A medida que nos dirigíamos al norte, íbamos perdiendo a alguien. El gran Sergio Rodríguez fue el primero. En un bar de mala muerte, contó la historia de los disparos, como si él mismo hubiera estado en la placita, en circunstancias que a esa hora bebía como un marinero, en la esquina opuesta del camerino, donde estuvo Madame Edith hablando con el que ahora sé que se llama Henry. Alguien le dijo que guardara silencio y él, achispado por el alcohol, trató de jalar el mantel inmundo de la mesa donde estaba aquel que le hizo callar, con un pase de prestigitador y botó todos los tragos. No tenía un veinte en los bolsillos y lo molieron a golpes. Lo buscamos en callejones, establos y en la periferia de ese pueblo, pero no hubo rastro de él.  Tomasito esbozó una sonrisa cínica, que me dió escalofríos. Cuando llegamos a la capital, fue su turno de abandonar la compañía, pero antes pasó lo de la Meche. Sí. Meche.

Hace calor y el polvo se mete por todas partes. El crujir de los techos de zinc es la música de esta hora del día. Jovita prepara el almuerzo y me mira con pena, como siempre lo ha hecho. Me dice que no debo recordar a Meche. Sabe que cuando me pongo melancólica es porque recuerdo a Meche, pero no voy a hablar sobre ella. Prometí no hacerlo e intentaré cumplir mi promesa.
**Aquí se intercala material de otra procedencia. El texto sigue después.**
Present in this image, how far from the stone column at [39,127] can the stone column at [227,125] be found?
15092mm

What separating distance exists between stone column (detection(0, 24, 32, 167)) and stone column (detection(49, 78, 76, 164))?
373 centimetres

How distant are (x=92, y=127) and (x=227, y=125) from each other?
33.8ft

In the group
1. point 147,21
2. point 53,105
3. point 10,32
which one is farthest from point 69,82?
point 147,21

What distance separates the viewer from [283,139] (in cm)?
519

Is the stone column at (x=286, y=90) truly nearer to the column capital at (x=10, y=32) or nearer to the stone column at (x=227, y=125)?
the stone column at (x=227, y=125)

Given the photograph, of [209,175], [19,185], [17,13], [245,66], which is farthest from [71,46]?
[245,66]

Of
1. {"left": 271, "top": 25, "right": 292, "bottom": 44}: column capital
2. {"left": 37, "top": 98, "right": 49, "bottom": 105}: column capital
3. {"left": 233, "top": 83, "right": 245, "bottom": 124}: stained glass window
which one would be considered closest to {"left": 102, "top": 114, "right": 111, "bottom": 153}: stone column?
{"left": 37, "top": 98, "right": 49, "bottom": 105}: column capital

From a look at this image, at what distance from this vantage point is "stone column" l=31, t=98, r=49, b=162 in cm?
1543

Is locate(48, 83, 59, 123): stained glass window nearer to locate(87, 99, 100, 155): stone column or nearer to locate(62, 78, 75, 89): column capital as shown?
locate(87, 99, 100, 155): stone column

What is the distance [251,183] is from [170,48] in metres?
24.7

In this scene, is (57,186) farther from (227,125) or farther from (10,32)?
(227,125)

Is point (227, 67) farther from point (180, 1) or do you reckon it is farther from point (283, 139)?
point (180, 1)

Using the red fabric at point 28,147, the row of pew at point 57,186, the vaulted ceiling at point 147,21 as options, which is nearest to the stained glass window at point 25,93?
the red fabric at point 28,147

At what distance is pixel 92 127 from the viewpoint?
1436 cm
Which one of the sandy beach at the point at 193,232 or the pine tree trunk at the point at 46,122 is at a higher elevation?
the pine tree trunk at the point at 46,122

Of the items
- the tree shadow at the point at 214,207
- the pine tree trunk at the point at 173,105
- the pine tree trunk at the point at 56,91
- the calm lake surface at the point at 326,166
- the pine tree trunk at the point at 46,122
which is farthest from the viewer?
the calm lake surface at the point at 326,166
Madame Edith protestó por 1150 kilómetros, en cada parada y en cada función. El cambio del paisaje no hizo más que avinagrarle el carácter y traerle más recuerdos de glorias pasadas. Cuando nos topamos con este teatro, no quiso moverse más. Caminó haciendo aspavientos, arrastrando su bata de seda apolillada y remendada, se instaló en el proscenio y dirigió un monólogo fantástico, con la fuerza, la clase y el talento que sólo don Martínez había visto. Quedamos hipnotizados, pero su tos espantosa nos hizo volver a la realidad y el gesto piadoso de Jovita de pasarle un vaso de agua y la escupidera, la consignó al lugar que la vida le había deparado y que ella se esforzaba en evadir. 

Nos quedamos, dijo don Martínez. Y desde hace casi un año que estamos aquí. Matiné, vermouth y noche. Todos los jueves y sábados. Siempre las mismas funciones, siempre los mismos recuerdos. Nos caemos a pedazos y nos levantamos, como los hombres del salitre. Como el vestuario, que ya no se muele con la humedad, pero sucumbe irremediablemente al paso del tiempo y la pátina que deja el agua dura de este peladero. Supe que Tomasito está en una compañía de otros como él, que quieren ser mujeres y no pueden. Tal vez tenga en su memoria lo que pasó con la Meche, pero ¡qué porfiada soy!, dije que no voy a recordarla y sigo haciéndolo. Jovita me devuelve de un porrazo a la realidad, cuando me dice que don Martínez está tosiendo sangre.